» **Exercise aim**
Starting with the line with "BALDUR Garten Duftend" in the entries below and going on through the line with "Jezevčík - Dachshund", output every line exactly and nothing more. No pictures.

Short descriptive text snippets
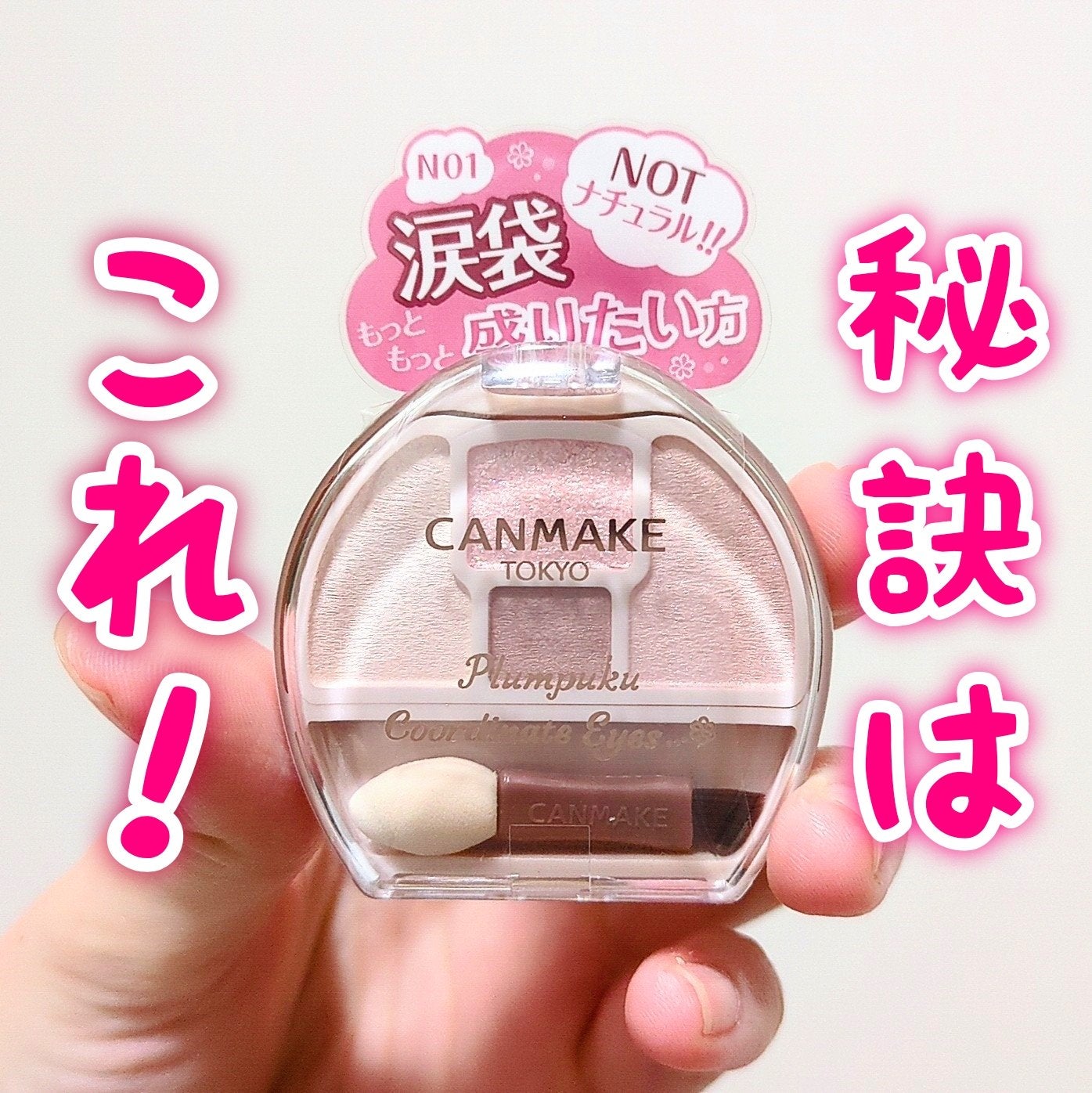 プランぷくコーデアイズNeo/キャンメイク/アイシャドウを使ったクチコミ(2枚目)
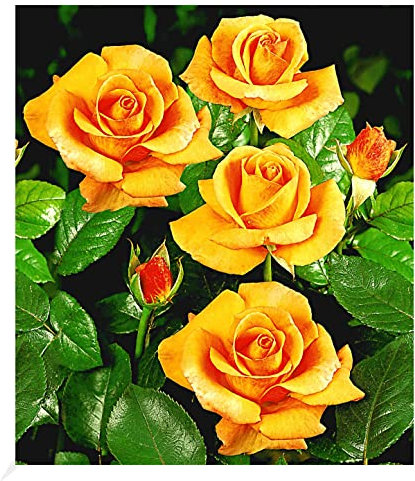 BALDUR Garten Duftend Edelrosen 'Maja Oetker®', 1 Pflanze, winterhart, mehrjährig, blühend, Schnittblume, Schnittrose, Rosa Hybride, Edelrose, Strauchrose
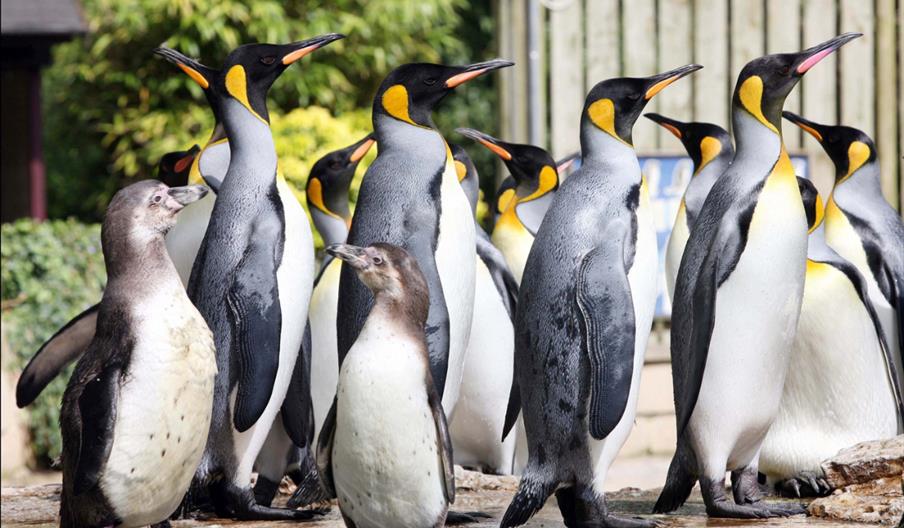 Penguins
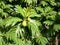 Breadfruit fruit in garden in Guadeloupe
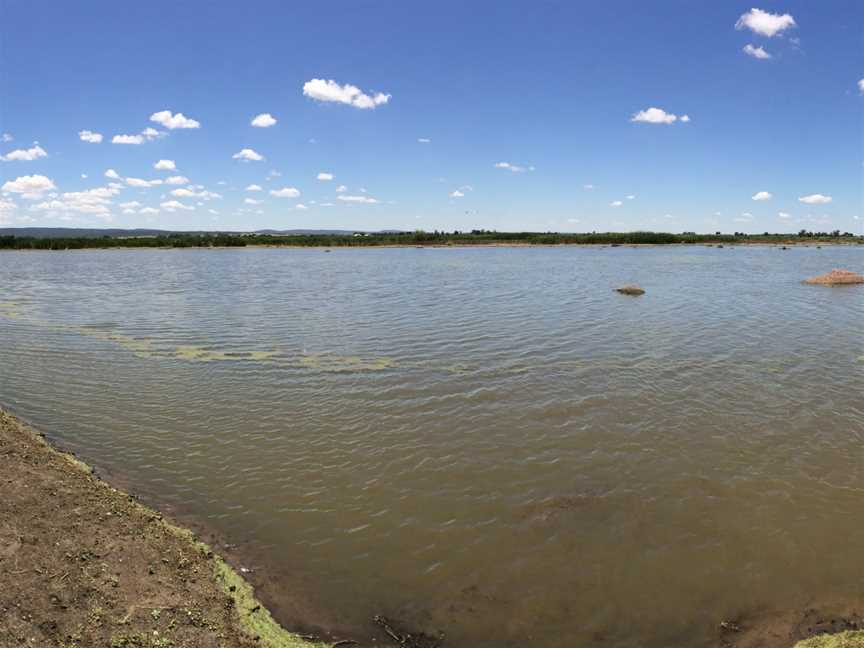 Fivebough Wetlands, Leeton, NSW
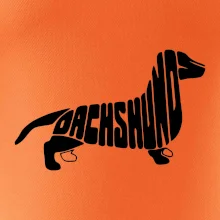 Jezevčík - Dachshund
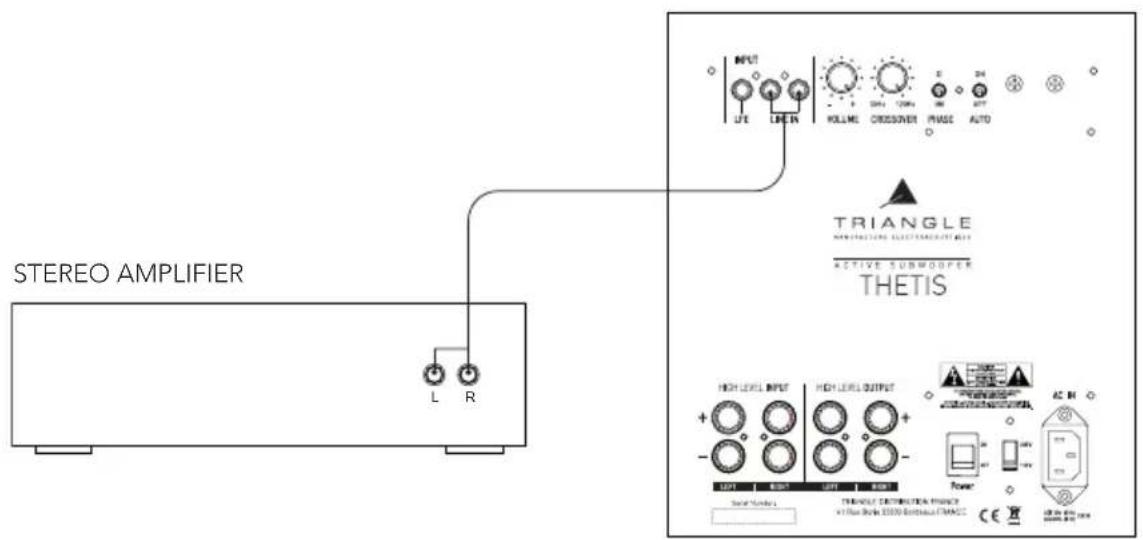 STEREO AMPLIFIER L R INPUT LIFE LIFEM ROLLME CROSOVER PHASE AUTO TRIANGLE MANUFACTURING ELECTRIC/VEGETABLE ACTIVE SUBMOOFER THETIS HIGH LEVEL INPUT HIGH LEVEL OUTPUT + - - - - - - - - - - - - - - - - - - - - - - - - - - - - - - - - - - - - - - - - - - - - - - - - - - - - - - - - - - - - - - - - - -…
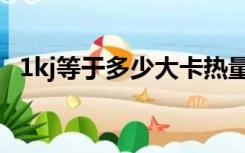 1kj等于多少大卡热量（1kj等于多少大卡）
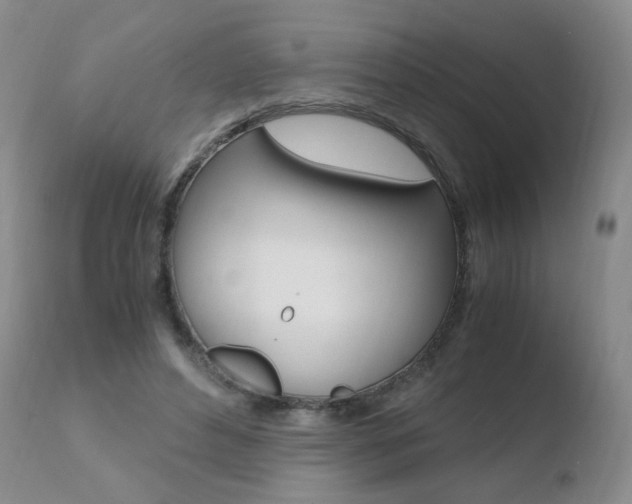 X0000110770496200906150957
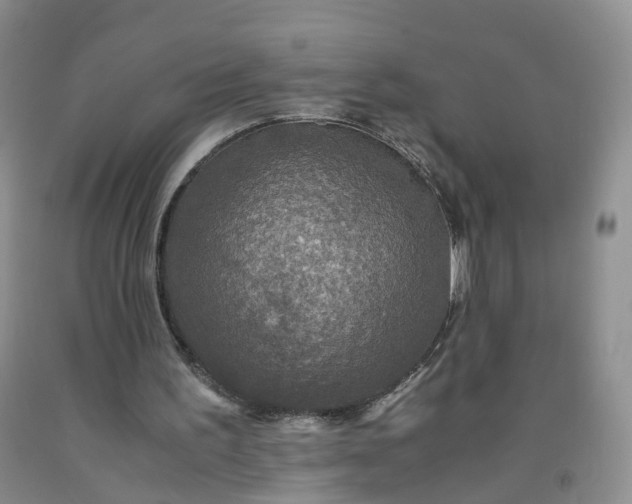 X0000091960195200709201351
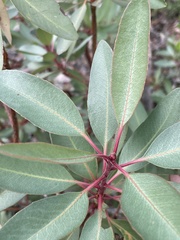 Arbutus arizonica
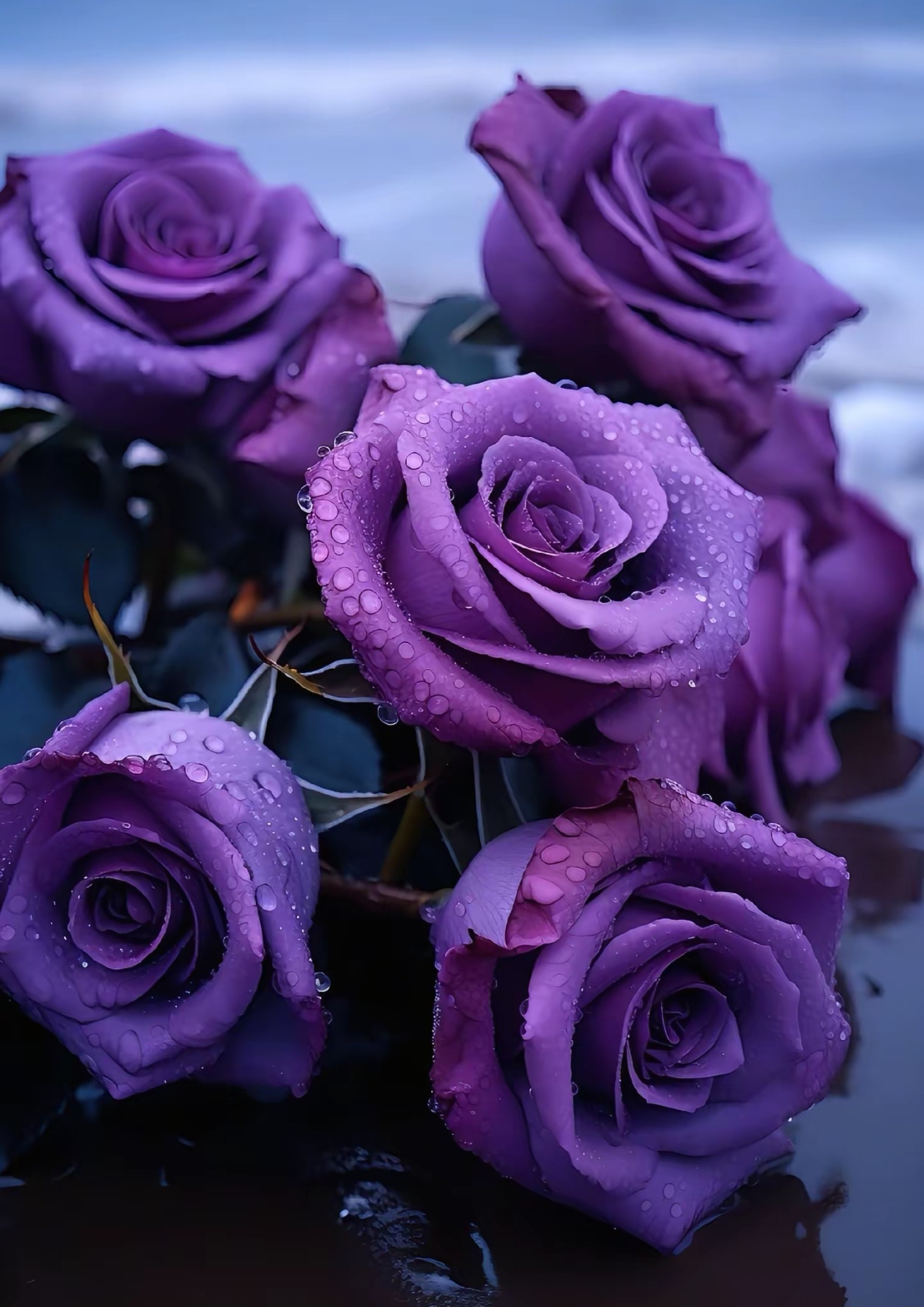 新大陆计划# 紫,粉高级色彩绽放的玫瑰,带着它的高贵和财富,唯美浪漫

» **Answer space**
 BALDUR Garten Duftend Edelrosen 'Maja Oetker®', 1 Pflanze, winterhart, mehrjährig, blühend, Schnittblume, Schnittrose, Rosa Hybride, Edelrose, Strauchrose
 Penguins
 Breadfruit fruit in garden in Guadeloupe
 Fivebough Wetlands, Leeton, NSW
 Jezevčík - Dachshund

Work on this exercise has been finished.